By Jack Molisani | STC Fellow
When Andrea Ames approached me to write an article on the impact of professional development on career advancement, my first thought was to update my research on which tools and technologies are most requested in content-related job postings (Molisani 2015). But Saul Carliner and Yuan Chen did such a great job presenting the results of the technical communication census (2018), I decided to forgo tools and focus on what “soft skills” content professionals need to advance their careers.
To gather data, I posted the following survey question on content-related groups on Facebook and LinkedIn: what soft skills do content professionals need to be successful?
I received a wide range of answers, so I searched for commonalities in the responses and grouped similar answers together. For example, we grouped the following answers under the common heading “Workplace Negotiation Skills”:
- Conflict resolution
- Finding common ground
- Managing project scope
Granted, each of the above is a skill unto itself, but we did our best to look for the commonalities in the survey answers.
There were almost 100 different answers (even with grouping), but some answers were more common than most. Here are the top ten:
- Workplace negotiation skills
- Listening skills
- Relationship to management
I have to admit I didn’t expect to see some of the answers (patience, self-awareness), but most people might expect to see the top four: negotiation, listening, empathy, and leadership.
It is interesting to note how closely related those last four skills are: you must have listening end empathy skills to be a good negotiator, be a good negotiator to be a good leader, etc.
While many of the above skills cannot be taught in an article (for example, empathy, curiosity), the top answer (negotiation skills) certainly can.
Let’s look at what negotiation is and how you can use it to advance your content career.
What Is Negotiation?
For many people, the term “negotiating” brings to mind unpleasant haggling with a used car salesperson. But negotiating isn’t something you do just when buying a large-ticket item like a washing machine or a car. Deciding what features will be documented given the time on hand, getting your kids to clean their rooms before playing video games, even deciding what movie to watch on date night—all of these involve negotiating in one form or another.
Common definitions of “negotiating” include:
- To attempt to come to an agreement on something through discussion and compromise (Dictionary.com).
- The process of achieving agreement through discussion (Wiktionary.com).
- Conferring, discussing, or bargaining to reach agreement (Webster’s Dictionary).
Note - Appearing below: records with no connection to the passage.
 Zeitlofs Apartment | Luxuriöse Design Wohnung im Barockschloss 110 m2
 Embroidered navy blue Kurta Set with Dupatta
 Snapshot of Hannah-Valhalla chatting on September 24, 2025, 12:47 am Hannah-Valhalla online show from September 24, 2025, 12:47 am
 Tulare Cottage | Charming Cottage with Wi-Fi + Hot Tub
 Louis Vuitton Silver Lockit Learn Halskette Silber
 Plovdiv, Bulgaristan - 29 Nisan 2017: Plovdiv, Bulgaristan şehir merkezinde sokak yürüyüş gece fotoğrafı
Note that all three definitions include “agreement.” More on this in a bit.
Next, let’s look at the derivation: Latin negotiatus, past participle of negotiari, “carry on business, do business.” So negotiation is just part and parcel of doing business! Interesting, huh?
A Better Definition
After 35 years of conducting workplace negotiations (first as a Systems Acquisition Officer in the Space Division of USAF, then as a staff and contract technical writer, and finally as the owner of my own business), I find the above definitions lacking—they just don’t capture the true spirit and goal of negotiation. So I created my own definition:
Negotiation is the art of giving up as little as possible of what you have in order to get what you want.
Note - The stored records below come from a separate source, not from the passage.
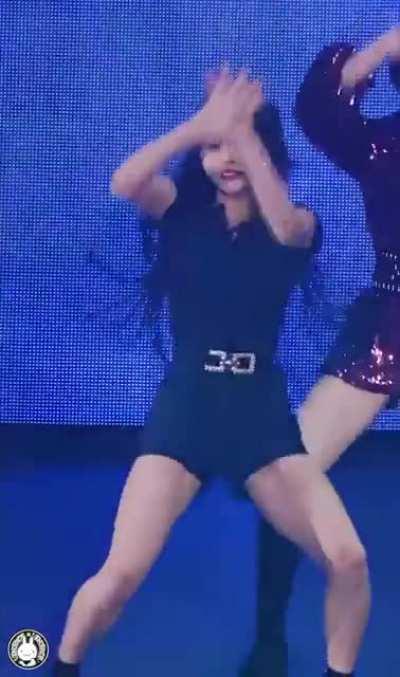 Dangerous Jihyo hairflip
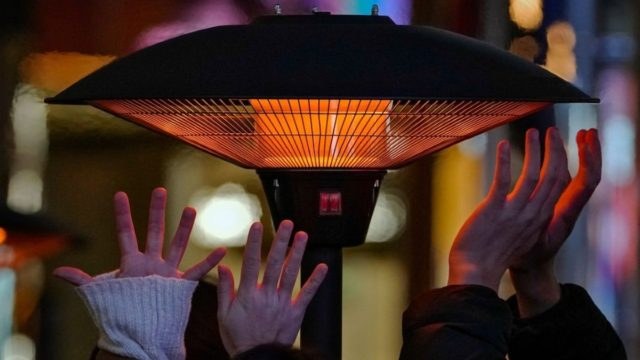 Φωτιά σε θερμάστρα υγραερίου σε καφέ στο κέντρο της Θεσσαλονίκης – Σοβαρές ζημιές, τρεις τραυματίες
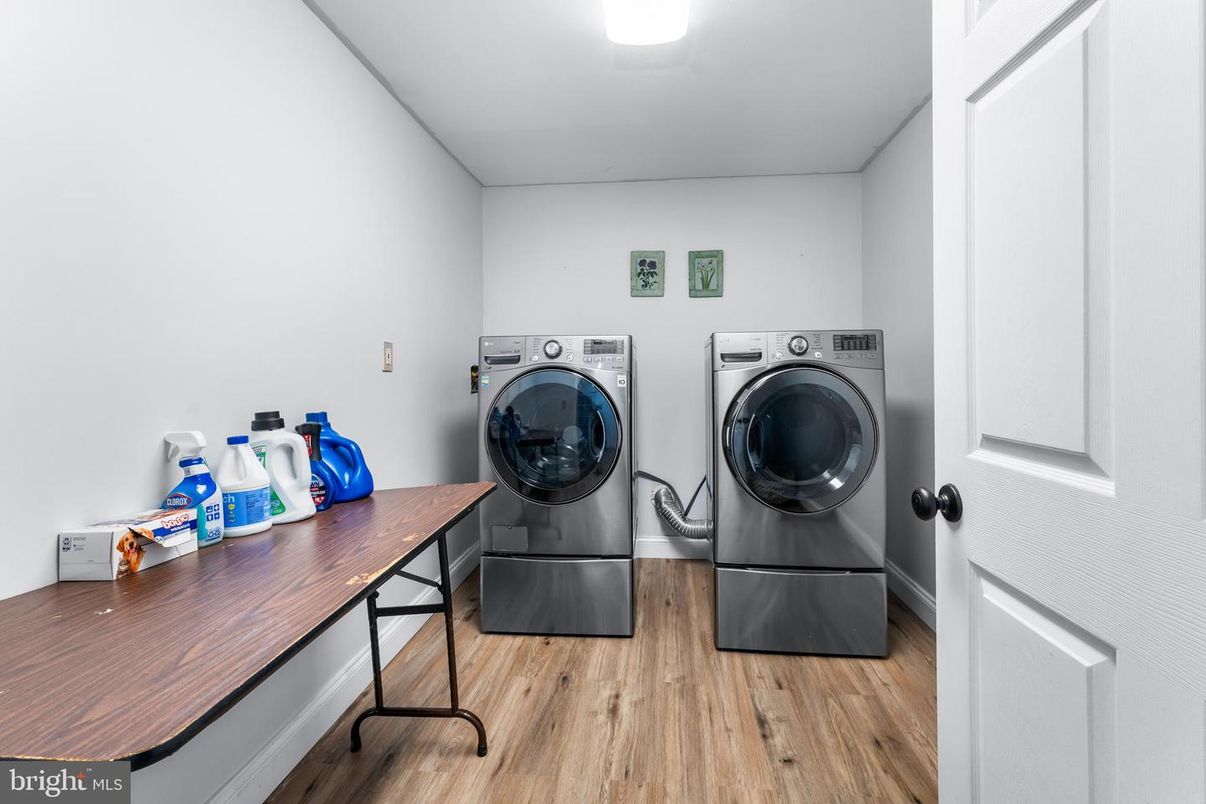 Interior, Utility Closets, Washer, Wood Texture Flooring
For what would you (a staff or contract content professional) be negotiating?
- Your compensation
- Project scope
- Project deadlines
- Comp time
- Authoring tools
What do you regularly give up in order to get what you want in the workplace? Most often it is your free time (deadlines!), money, or job security (if there is such a thing anymore). So negotiation really is the art of giving up as little as possible of what you have in order to get what you want.
Let’s look at where to start.
One negotiates to reach a common agreement. I believe all negotiations have to be either win-win or lose-lose to be considered successful. For example:
A sale: the buyer gets a product (or service) they wanted at a price they can afford, and the seller make a reasonable profit.
A war: both factions split the territory in dispute. Neither side is happy, but it’s certainly better than wholesale killing.
Win-lose is not “negotiating.” When one side forces their terms on the other, there is no common agreement, no meeting in the middle. The other party may accept the offer because they have to, but they sure aren’t going to like it, and they certainly are not going to give 100% if they feel they have been cheated.
What do you think a vendor will do if he sold his service for less than what he considers a fair price?
What do you think an employee will do if she accepts a salary that is much lower than what she thinks is fair?
Let’s look at some best practices for conducting negotiations.
Before You Begin
Before starting any negotiation, do your homework. Decide before you begin what you would like to achieve. Decide what is a nice-to-have, what is a must-have, and at what point will you walk away from the negotiation if you are just not getting what you want.
Note: Don’t try to decide these things during the negotiation! There is usually far too much stress or emotion in a negotiation, and you don’t want to make a snap decision that you will later regret.
Chellie Campbell talks about doing business with “Your People” (2016). You recognize Your People when you meet them. They value your services and are happy to pay your rates for a quality product or service. They want to strike a deal that is good for both parties.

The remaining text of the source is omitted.